State of the art image and video diffusion models train on thousands of GPUs. They distribute computation then synchronize gradients across them at each optimization step. This incurs a massive networking load, which means that training clusters must live in centralized facilities with specialized networking hardware and enormous power delivery systems.

This is cost-prohibitive. Academic labs can’t build specialized clusters with custom networking fabrics. Even large companies struggle as they hit fundamental limits on power delivery and networking bandwidth when scaling to many thousands of GPUs. In both cases, networking is the critical bottleneck: training clusters need constant, high-bandwidth communication throughout the entire system. A segmented network load where independent clusters communicate internally but not among each other makes it possible to use compute where it’s available, whether in different datacenters or across the internet.

Decentralized Diffusion Models (DDMs) tackle this problem.
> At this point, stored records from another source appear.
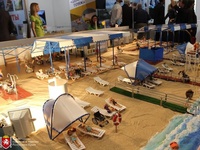 На выставке пляжного оборудования «Пляжный мир» заключены договора, какие уже исполняются – Сергей Стрельбицкий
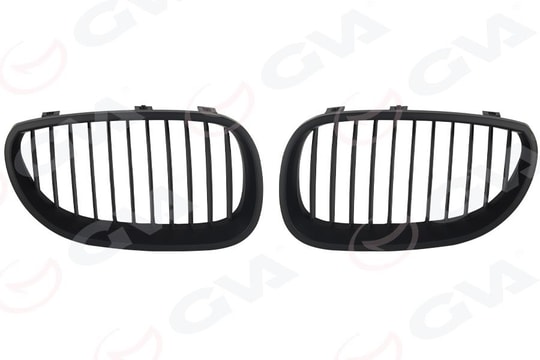 GVAPanjur Set Mat Sıyah Bmw E60 Lcı 04 09GVA 9105640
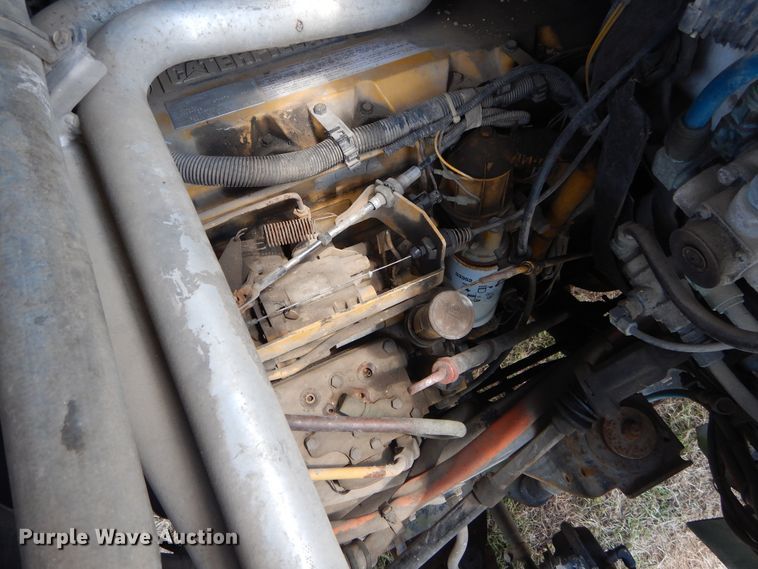 image for item DI1759 1994 GMC TopKick C6500 bucket truck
Our new method trains a series of expert diffusion models, each in communication isolation from one another. This means we can train them in different locations and on different hardware. At inference time, they ensemble through a lightweight learned router. We show that this ensemble collectively optimizes the same objective as a single diffusion model trained over the whole dataset (a monolithic model). It even outperforms monolithic diffusion models FLOP-for-FLOP, leveraging sparse computation at train and test time. Crucially, DDMs scale gracefully to billions of parameters and produce great results with reduced pretraining budgets. See some results below from a model pretrained with just eight independent GPU nodes in less than a week.

In this post, we present a simple, geometrically intuitive view on diffusion and flow models from which Decentralized Diffusion Models arrive naturally. We also highlight their compromise-free performance and implications for training hardware. DDMs make possible simpler training systems that produce better models.
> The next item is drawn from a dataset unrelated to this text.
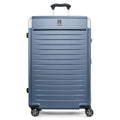 Travelpro Platinum Elite Hardside Expandable Spinner Wheel Luggage TSA Lock Hard Shell Polycarbonate Suitcase, Dark Sky Blue, Checked-Large 28-Inch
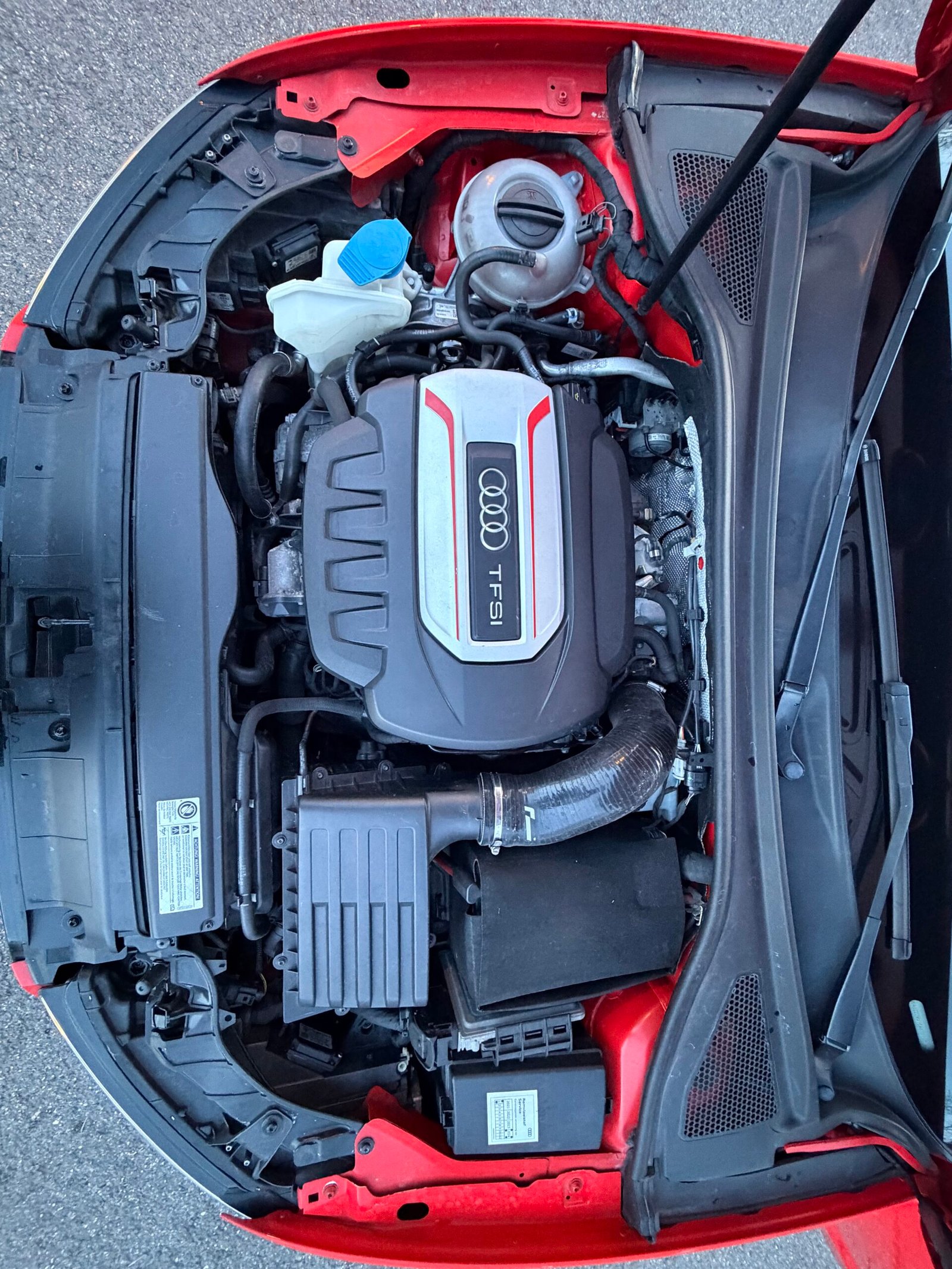 AUDI S3 Quattro Série 3 Sportback (8VA) 2.0 TFSi 16V S-Tronic6 300 cv Boîte auto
Simple Intuitions for Diffusion and Flow Models

Diffusion models can be geometrically intuitive. We aim to show some of these ideas in this post.

Diffusion models and rectified flows can be seen as special cases of flow matching, so we use the FM framework to explain DDMs. Most perspectives on diffusion models and flow matching focus on the forward corruption process and the paths it samples for each training example. Let’s instead focus on the training/regression target of these models: the marginal flow. They all minimize the difference between their predictions and the marginal flow.

The marginal flow, $u_t(x_t)$, represents a vector field at each timestep that transports from $x_t$, a noisy variable, to the data distribution ($x_t$ at $t=0$). When we train with flow matching, we regress the marginal flow into a model (e.g., a Diffusion Transformer) that can sample the data distribution. The marginal flow in its analytical form is an expectation over $x_0$ data samples. That is, the marginal flow is linear. For any given $x_t$, it points toward the data distribution from $x_t$. In high dimensions with many data points, this is intractable to compute. Instead, diffusion models compress this complex system into a neural network through flow matching.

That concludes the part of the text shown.